Friday, April 06, 2007

Say It With Me: The Institution Is Not The Enemy, Even If It Has Become The Sacred Cow

Several years ago I read a book by Alan Hirsch and Michael Frost called The Shaping of Things to Come. Admittedly I found the book provocative, stimulating, challenging and unnerving all at the same time. My most severe critique of the book is that I fear it calls us too radically away from an institutionalized Church. What I mean by this is that Hirsch and Frost seem to call for the abandonment of any gathering of believers which can rightfully be recognized as a church where there is structure and clear hierarchial roles of authority. They also passionately argue for a subversive, winsome, creative, compelling gospel-centered, missional-driven lifestyle that may or may not be rooted within a traditionally understood biblical model of the church.

Today I was reading a post on Alan Hirsch's blog (and it is good for us all to read individuals who challenge us to think outside of what is normal and acceptable in our own minds) and came across this quote from Jacques Ellul in The Subversion of Christianity.
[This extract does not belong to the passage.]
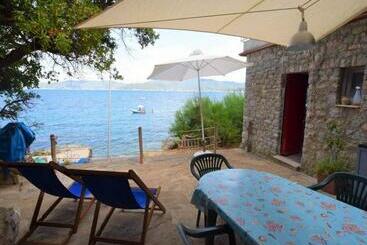 Cotetonda   Appartamento Ilvia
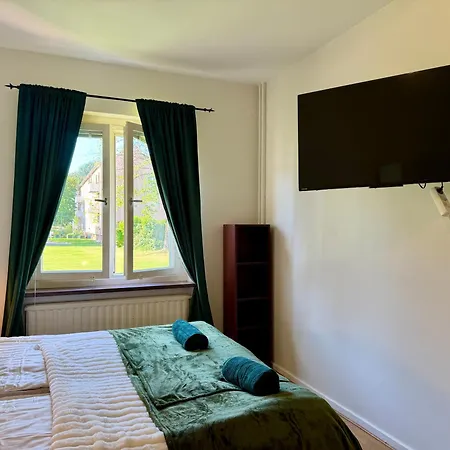 Daire Workers & Family Homes Modern 2br With Free Parking 10 Min To Volvo *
“No doubt some will reply that God is not a God of disorder, incoherence, or arbitrariness, but a God of order. Of course he is. Unfortunately the whole of the Old Testament shows us that God’s order is not that which we conceive and desire. God’s order is not organization and institution (cf. the difference between judges and kings). It is not the same in every time and place. It is not a matter of repetition and habit. On the contrary, it resides in the fact that it constantly posits something new, a new beginning. Our God is a God of beginnings. There is in him no redundancy or circularity. Thus, if his church wants to be faithful to his revelation, it will be completely mobile, fluid, renascent, bubbling, creative, inventive, adventurous, and imaginative. It will never be perennial, and can never be organized or institutionalized. If the gates of death are not going to prevail against it, this is not because it is a good, solid, well organized fortress, but because it is alive; it is Life that is, as mobile, changing, and surprising as life. If it becomes a powerful fortified organization, it is because death has prevailed.”

Ellul aptly reminds us that what God defines as order is not necessarily order as we might conceive of it. This, is in fact, a healty perspective. We cannot put God in a box and His ways are not our ways, and in His works will manifest themselves in many designs, shapes and experiences of which our finite and feeble minds would never imagine. So the challenge here, as Ellul sees it, that God's people (His church) would mirror God's penchant for new beginnings and creative interaction with His creation. To some degree I agree with Ellul. The church should be dynamic, creative, inventive, adventerous, imaginative and without resistance to change. However, I disagree that the characteristics for which Ellul believes the church should be known are incongruous with the institution or structure of the church. I believe Ellul's critique likely stems from an observable deficiency within the modern Church to display any winsome gospel-saturated vigor in a culture where Christianity is becoming increasingly marginalized. 95% of churches are declining in numbers. The institution of the church, on many fronts, appears lifeless and culturally insignificant. But we must resist the temptation to move outside the boundaries of Scripture as it relates to order and structure within the body of Christ for the sake of flexing our creative and adventerous missional muscles. Creativity, adventure, imagination, renacence are more are not enemies of structure and institution, although few could argue that they aren't well-acquainted. Our challenge is to function within the biblical prescription for church life with such dynamic vigor and creativity that an unbelieving world cannot help but notice our presence.